Basilica Python Client¶

class basilica.Connection(auth_key, server='https://api.basilica.ai', retries=2, backoff_factor=0.1, status_forcelist=500)[source]¶

A connection to basilica.ai that can be used to generate embeddings.

Parameters:

auth_key (str) – Your auth key. You can view your auth keys at https://basilica.ai/api-keys/.
server (str) – What URL to use to connect to the server.
retries (int) – Number of times to retry failed connections and requests.
backoff_factor (float) – See urllib3.util.retry.Retry.backoff_factor .
status_forcelist (Tuple[int]) – What HTTP response codes trigger a retry.

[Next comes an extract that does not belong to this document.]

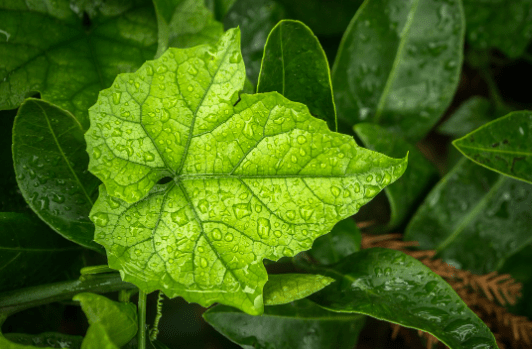 原创            寒露节气的特点和风俗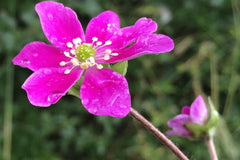 Hepatica 'Forest Red' (Forest Series)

>>> with basilica.Connection('SLOW_DEMO_KEY') as c:
...   print(c.embed_sentence('A sentence.'))
[0.6246702671051025, ..., -0.03025037609040737]

embed_image(image, model='generic', version='default', opts={}, timeout=10)[source]¶

Generate the embedding for a JPEG image. The image should be passed as a byte string.

Parameters:	image (str) – The image to embed. model (str) – What model to use (i.e. the kind of image being embedded). version (str) – What version of that model to use. opts (Dict[str, Any]) – Options specific to the model/version you chose. opts["dimensions"] (int) – Number of dimensions to return. PCA will be used to reduce the number of dimensions with minimal information loss. opts["normalize_l2"] (bool) – Whether or not each instance should be scaled to have unit L2 norm. (This is sometimes useful for instance retrieval tasks.) Defaults to False. opts["normalize_mean"] (bool) – Whether or not to normalize each feature in the embedding to have mean 0 across our sample dataset. Defaults to True when dimensions is set, or False otherwise. opts["normalize_variance"] (bool) – Whether or not to normalize each feature in the embedding to have unit variance across our sample dataset. Defaults to True when dimensions is set, or False otherwise. timeout (int) – HTTP timeout for request.
Returns:	An embedding.
Return type:	List[float]

>>> with basilica.Connection('SLOW_DEMO_KEY') as c:
...   with open('img.jpg', 'rb') as f:
...     print(c.embed_image(f.read()))
[0.6246702671051025, ...]

embed_image_file(image_file, model='generic', version='default', opts={}, timeout=10)[source]¶

Generate the embedding for a JPEG image file. The file name should be passed as a path that can be understood by open.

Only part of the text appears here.